Dúo Benítez Valencia – “Cansados Pies”

“I know too many songs to count,” Ms. Muenala, 71, exclaimed during an interview on a Quito street, before performing several numbers as passers-by dropped coins in a metal cup by her side.

“Today’s music has some pretty weird lyrics and expressions that aren’t very nice,” she said. “It’s not good for children to hear that stuff. My music has verses for women, men, friends or cities like Quito. These songs talk about love, but in a very wholesome sense.”

Laura Muenala, 71, a street busker in Quito who is helping identify unlabeled tapes from the Caife collection. (Photo: Frederick Bernas)

Laura Muenala, 71, a street busker in Quito who is helping identify unlabeled tapes from the Caife collection. (Photo: Frederick Bernas)

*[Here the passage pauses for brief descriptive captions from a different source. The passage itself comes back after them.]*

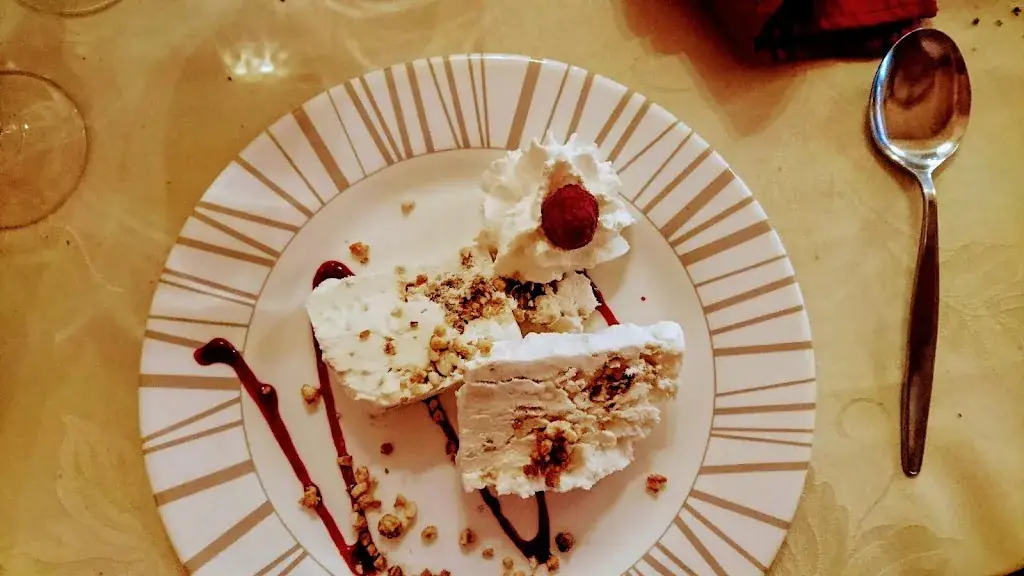 Menu_Au Vieux Pressoir_Cranves-Sales_image_7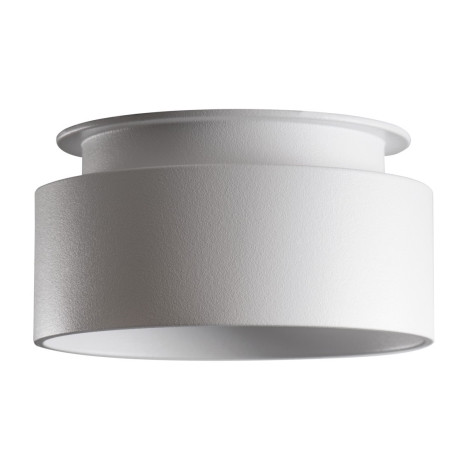 KANLUX-29235 - GOVIK DSO-W dekorációs keret 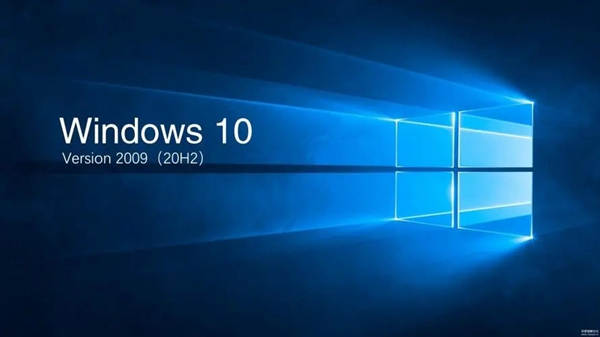 win10原生系统多大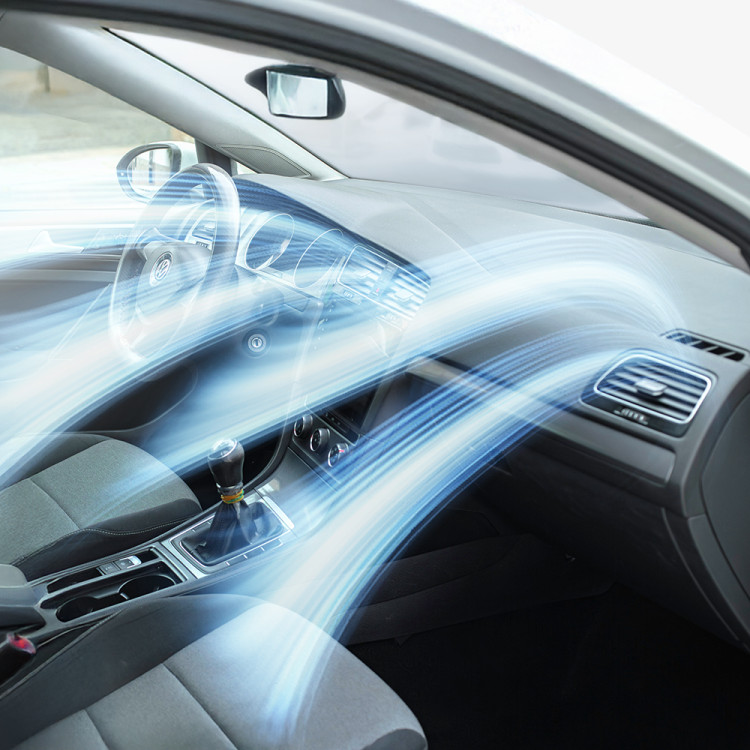 add_aimban filter_20250721_779196.jpg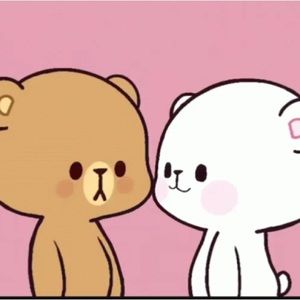 Meet your Posher, Brae10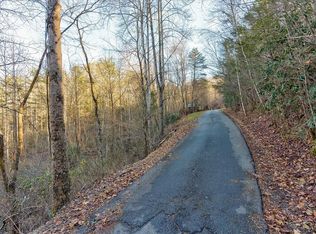 0 Stone Trl LOT 919, Sevierville, TN 37876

One of Caife’s most popular artists was Olga Gutiérrez, an Argentine singer who moved to Ecuador in 1962 and used her tango pedigree to transform the melancholy pasillo waltz, gaining national fame. Her death in March 2015, just a week after Mr. Lofredo Rota discovered her songs in the collection, brought a fresh sense of urgency.

“This generation is in their 70s and 80s,” he said, “and we don’t know who or where they are, but they’re bound to be out there.”

The Caife roster also featured many musicians at the crux of Ecuador’s indigenista movement, which aimed to push indigenous history into the public conscience.

“Caife was really visionary,” said Juan Mullo Sandoval, director of the musicology magazine Traversari, speaking over a soundtrack of radio pop at a Quito cafe. “Rota had a very clear mentality: He aligned himself with the mestizo cultural process. He searched for a cultural relationship with Ecuador’s interior and its indigenous identity.”

Caife closed down in the late 1960s. As the world transitioned to stereo technology, it may have been hard for Mr. Rota to keep up. Mr. Mullo Sandoval believes the founder’s vision simply “didn’t enter modernity” as Ecuador moved from its agricultural past to an industrial future.

Working alone to restore the vast Caife catalog has been hard for Mr. Lofredo Rota, who said the key to identifying more lost tapes is to “harass the right person.”

That person is often Laura Rios, who hosts a daily show about música nacional on the Ecuadorean House of Culture radio station. Her desk sits in a library that holds 5,000 or so reels and vinyl records, as well as tape decks and analog gadgets. The House of Culture hopes to eventually digitize everything.

“People say it’s the best archive in the country,” Ms. Rios said of the radio station’s library, “but we need to buy equipment and hire people who understand the material.” As Ecuador struggles with a severe economic crisis because of slumping oil prices, funding for culture projects is unlikely.

Music producer Daniel Lofredo Rota at his family home in Quito. (Photo: Frederick Bernas)

Music producer Daniel Lofredo Rota at his family home in Quito. (Photo: Frederick Bernas)

It falls to enthusiasts like Mr. Lofredo Rota to pursue such endeavors on their own time. He has already digitized about 100 tapes. The ultimate goal is to make Caife’s entire catalog available online, fighting what he calls an “uphill battle” against streams of media from the United States that flood Latin American markets like, he said, “Hollywood hot dogs.”

Mr. Lofredo Rota believes that, rather than being “a Noah’s ark of information,” the internet “bulldozes” less developed countries, because they tend to consume content heavily while producing relatively little.

“Creating our own content is essential for the continuation of our culture,” he said. “We have the capacity to write our own history. If we don’t do it, who else will?”